- **WHAT THIS TASK INVOLVES**: Beginning with the line containing "Kawaii Panda Embroidered" and ending at the last line of the records, transcribe each line exactly. Do not include pictures.

# # # # #

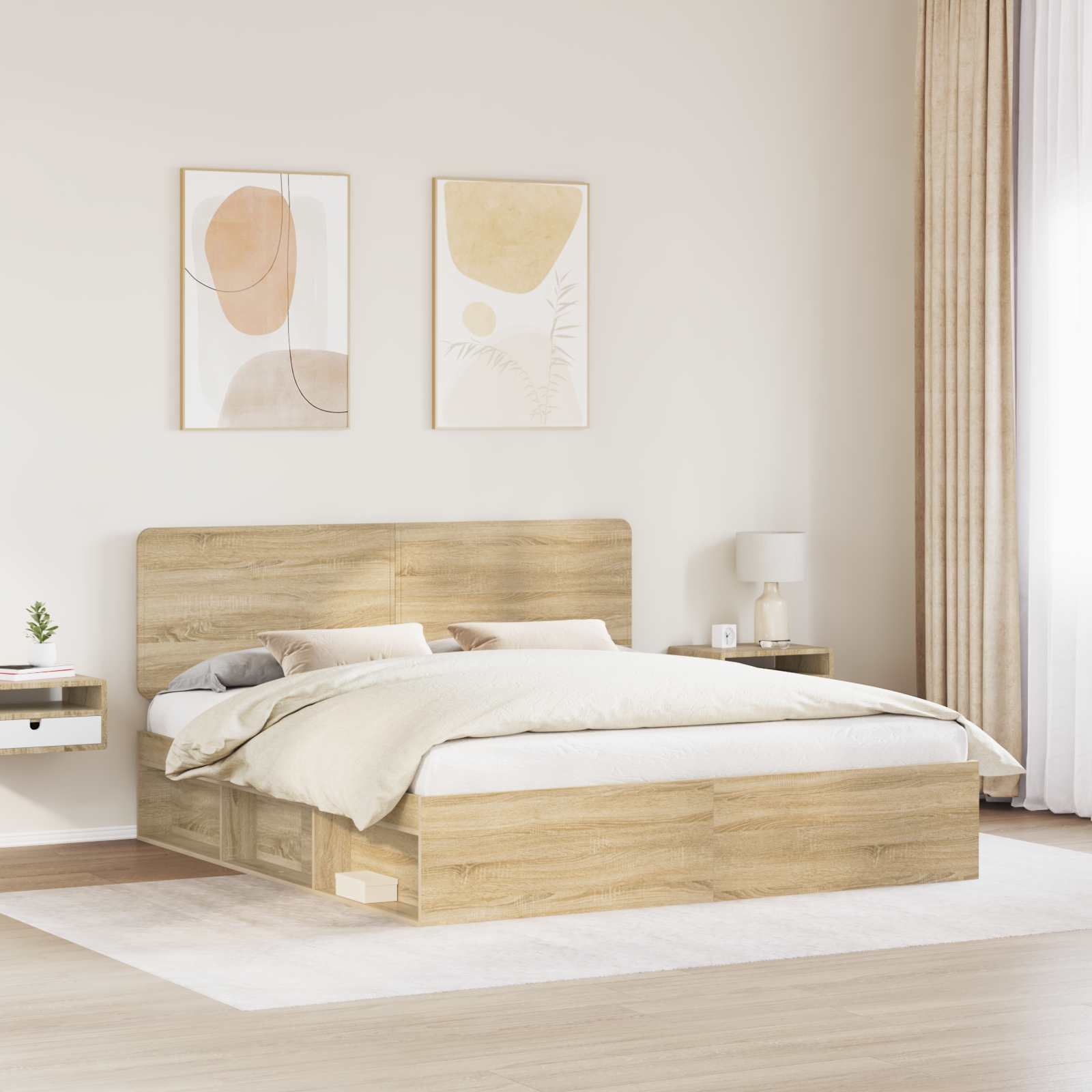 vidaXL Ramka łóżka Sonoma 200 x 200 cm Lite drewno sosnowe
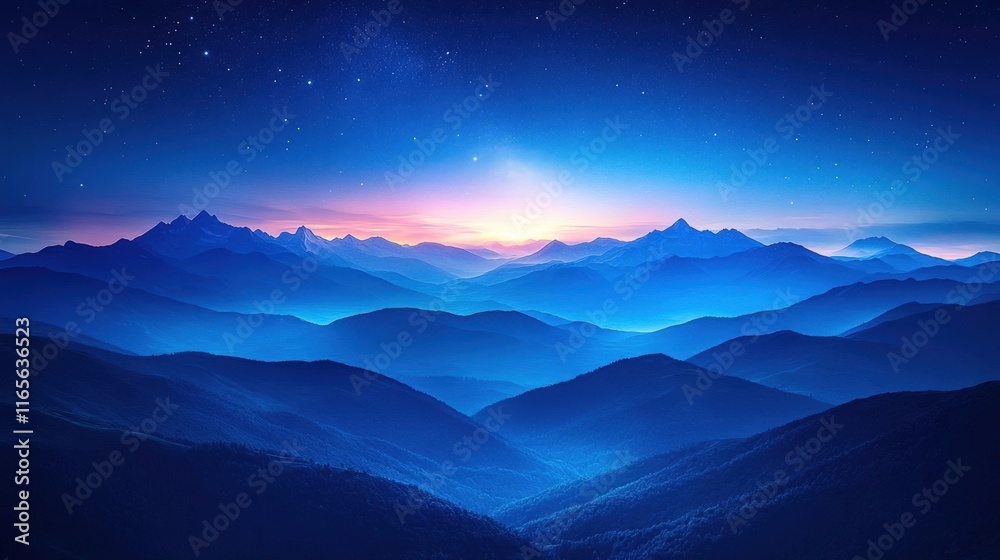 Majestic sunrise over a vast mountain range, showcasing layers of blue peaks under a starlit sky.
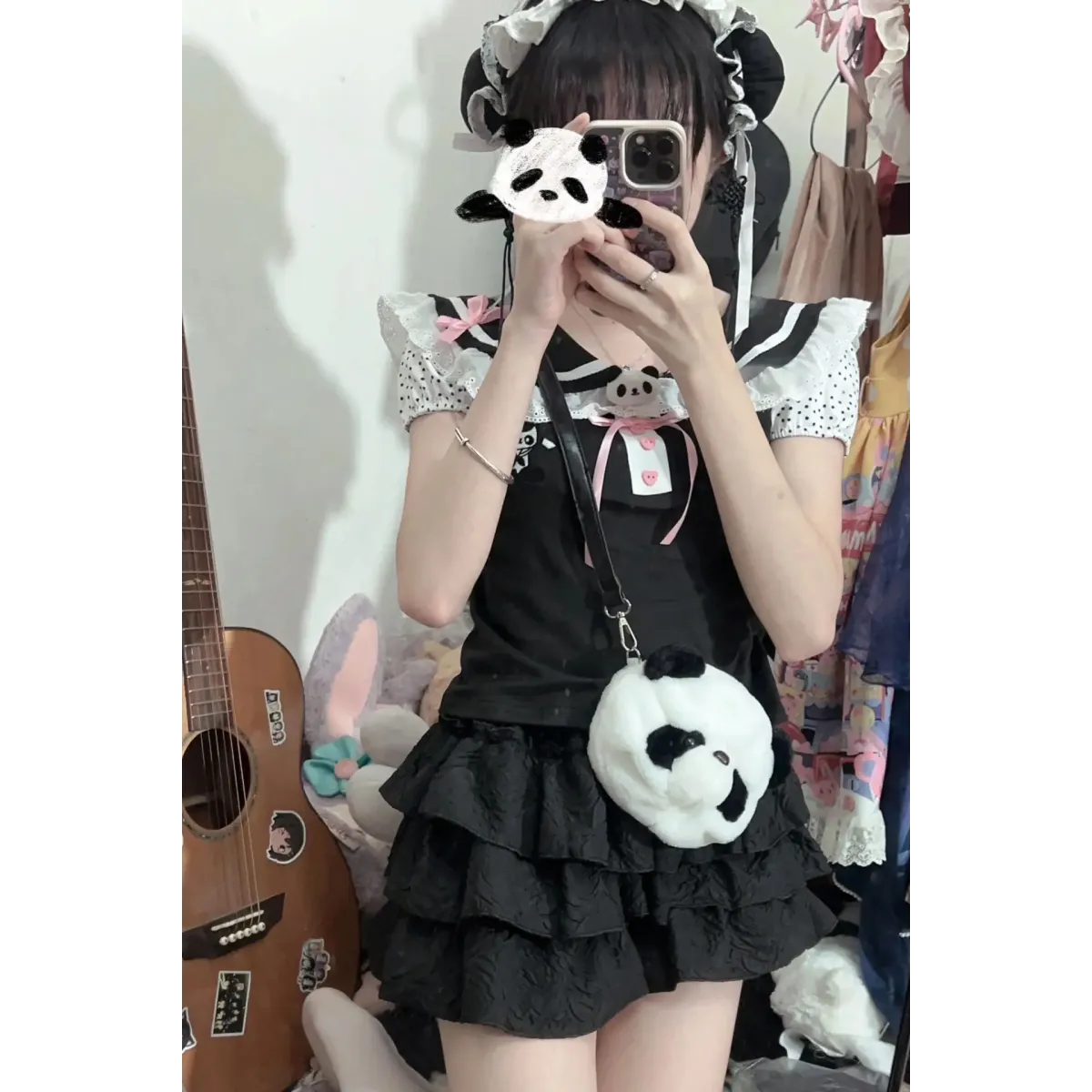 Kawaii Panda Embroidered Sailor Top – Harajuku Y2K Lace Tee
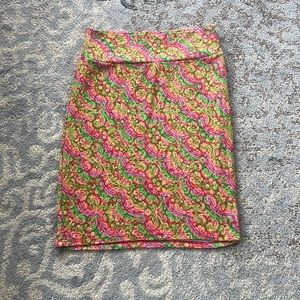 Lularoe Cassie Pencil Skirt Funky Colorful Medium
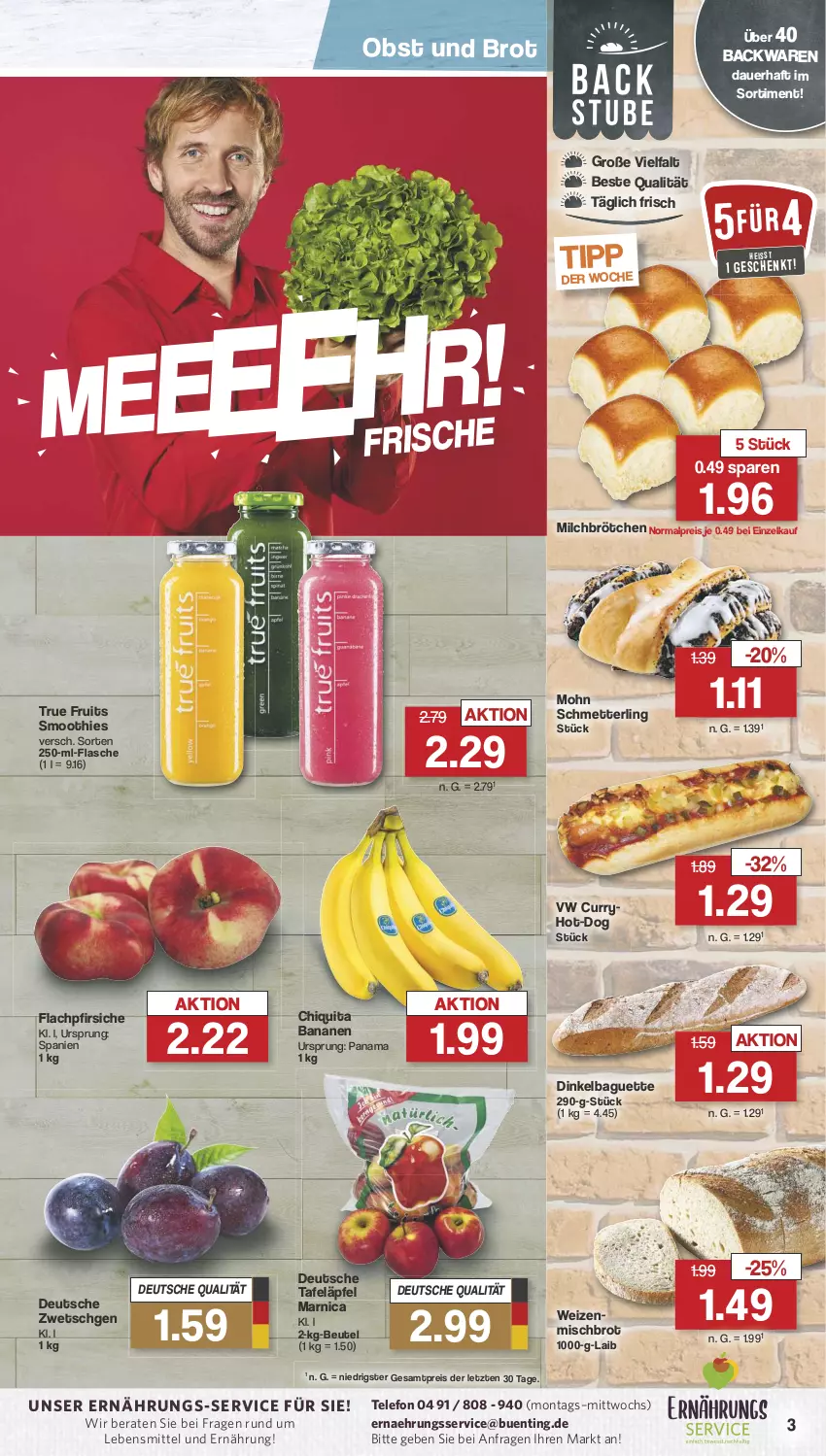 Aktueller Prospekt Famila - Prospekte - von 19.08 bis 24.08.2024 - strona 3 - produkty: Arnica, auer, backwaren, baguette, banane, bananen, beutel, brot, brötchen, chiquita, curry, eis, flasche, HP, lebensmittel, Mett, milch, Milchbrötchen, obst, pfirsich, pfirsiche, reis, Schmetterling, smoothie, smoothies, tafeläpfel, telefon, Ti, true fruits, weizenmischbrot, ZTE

# # # # #

- **SOLUTION FOR THIS PROBLEM**:
 Kawaii Panda Embroidered Sailor Top – Harajuku Y2K Lace Tee
 Lularoe Cassie Pencil Skirt Funky Colorful Medium
 Aktueller Prospekt Famila - Prospekte - von 19.08 bis 24.08.2024 - strona 3 - produkty: Arnica, auer, backwaren, baguette, banane, bananen, beutel, brot, brötchen, chiquita, curry, eis, flasche, HP, lebensmittel, Mett, milch, Milchbrötchen, obst, pfirsich, pfirsiche, reis, Schmetterling, smoothie, smoothies, tafeläpfel, telefon, Ti, true fruits, weizenmischbrot, ZTE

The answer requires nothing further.